My take on all these doom laden stories and media conversations is somewhat different.

Yes we have a budget problem. It is a long term issue and has been one for decades.

Yes we need to control it and reduce it. That has to be done with the minimum of disruption to our current recovery from crisis.

That means spending cuts in the medium term and tax increases as well. In particular it means allowing the 2001 and 2003 tax cuts to expire and go away. But it also means getting control of the two fastest growing sectors of our budget: defense and health care. To do that we need a calm and sensible discussion about our policy options and the choices we need to make.

We do not need invective and hysteria. Nor do we need to panic or to misrepresent the facts.

This morning I was unfortunate enough to watch a few minutes of a CNN ‘analyst’ talk about the stimulus effect on New Hampshire – apparently Obama is en route there. I was appalled at the complete distortion of the facts being discussed. At one point a graphic was put up on screen showing the rates of unemployment for the past three years, unemployment in New Hampshire has doubled in that time from around 3.5% to just over 7.0%. This fact was presented as support for the argument that the stimulus had failed. Nothing could be further from the truth. The relevant discussion is what would unemployment have been without the stimulus? Nowhere was that mentioned. The presumption that the 2007 rate of 3.5% would have remained is obviously preposterous. And, yes, despite the stimulus unemployment rates have risen rapidly. The point being that they would be much higher without the stimulus.

At another point the CNN ‘analyst’ spoke about a $2 million school project having created only two new jobs – both teachers. The inference being that each job ‘cost’ $1 million. This is simply to misunderstand the entire project. Building a school and hiring two new teachers is a very small part of the story: what about the construction crew? What about the construction company’s profits? What about the small business owner who survived a tough winter with a new project? What about all the local vendors who sold products to the construction crew? How about all the suppliers of chairs etc? The central premise of a stimulus is that it has multiple effects throughout the entire economy. In fact those knock on’ effects are far more important than the simple result of the project itself. This is basic economics, not sophisticated reasoning. Yet it eluded our expert ‘analyst’. The public was sold short and left not uninformed, but misinformed.

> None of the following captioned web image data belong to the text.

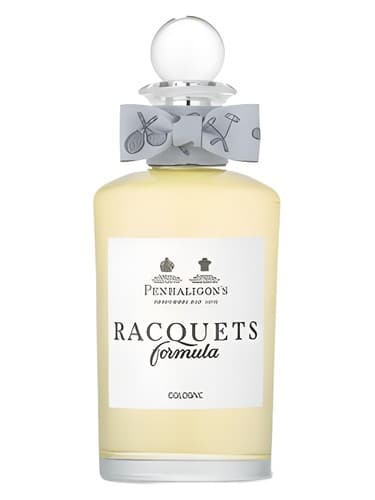 Racquets Formula - فرمول راکت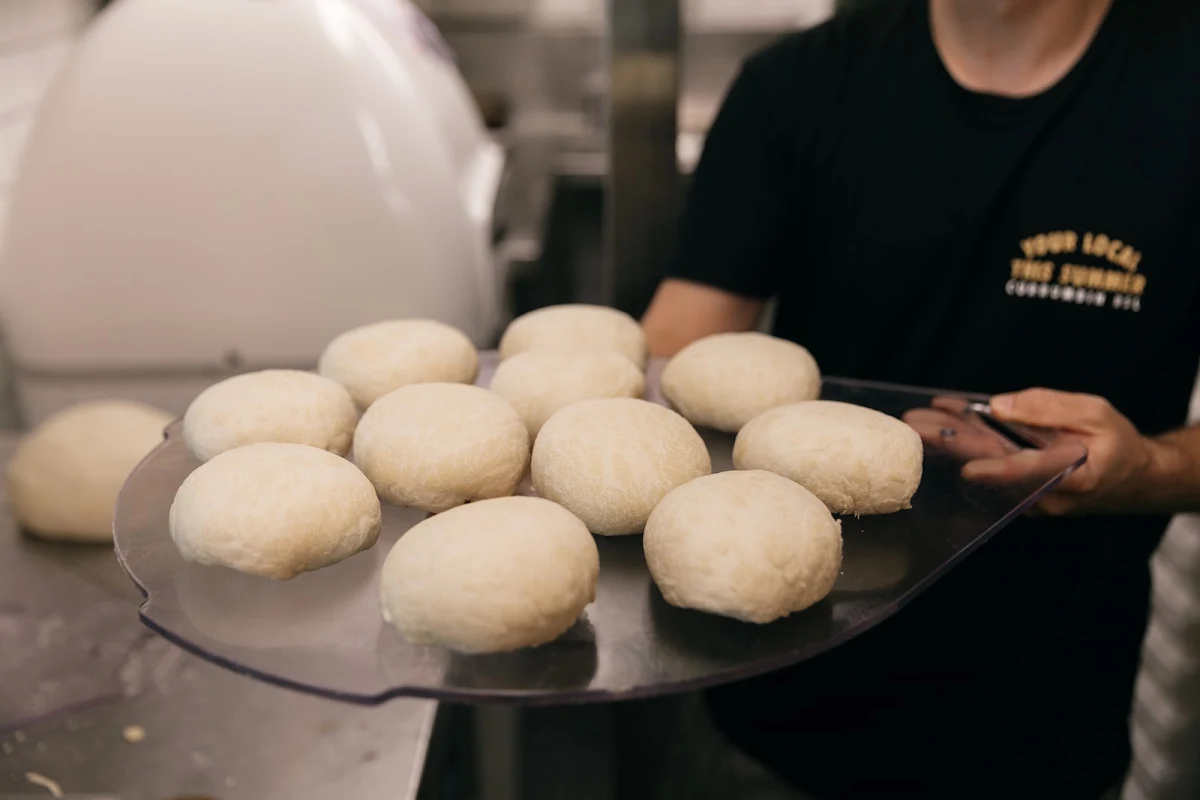 Highlights, La Bocca Pizza Currumbin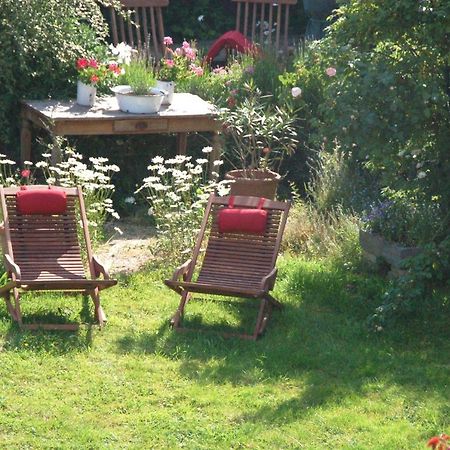 B&B Eenvoud In Overvloed Vleteren Esterno foto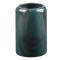 Suport Periuță de Dinți, Model Marble, Diametru 7.5 cm, &Icirc;nălțime 12.5 cm, Verde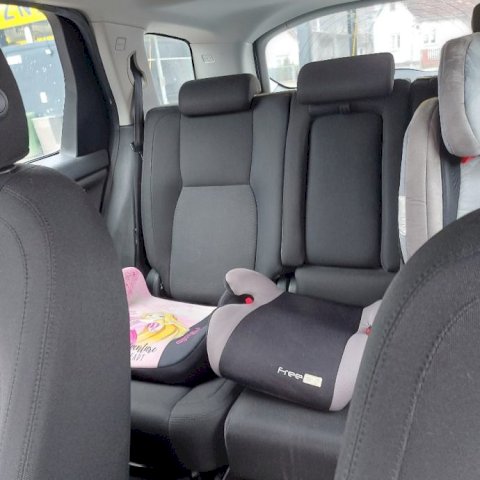 Land Rover Discovery Sport LC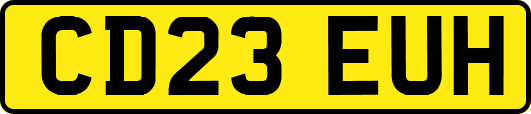 CD23EUH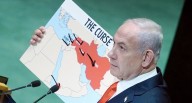 Primer ministro de Israel denuncia que palestinos pagan a terroristas para matar judíos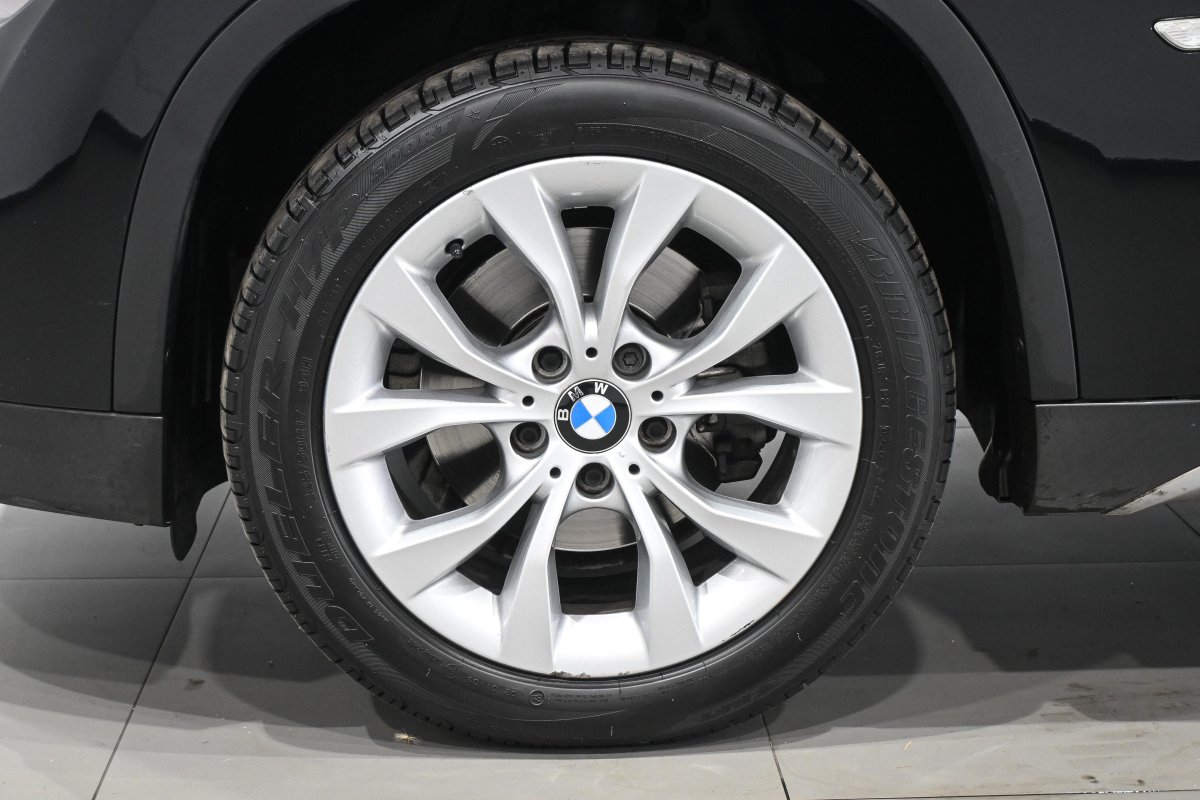 Foto Bmw X1 31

Shoddy and wafer thin analysis is doing more damage to our country than I care to imagine. If our voters cannot get access to proper analysis – thinking that is more than skimpy – how can we enter the debate that we need to have about priorities and choices?

No.

It is not the budget that will undermine American power and influence. It is the nation’s apparent inability to think clearly and articulately about big issues.It is the country’s elite that is the problem: the media and the communicators; the politicians and the business people; and the academics. The country is being under-served by the very cohort upon which it relies for leadership and direction.

Our inability to confront bad fiscal policy and to discuss change is symptomatic of a deeper cause of decline: our political system is antiquated and our leadership fractured and shallow.

Our problem is definitely not the budget because we can fix that if we want to.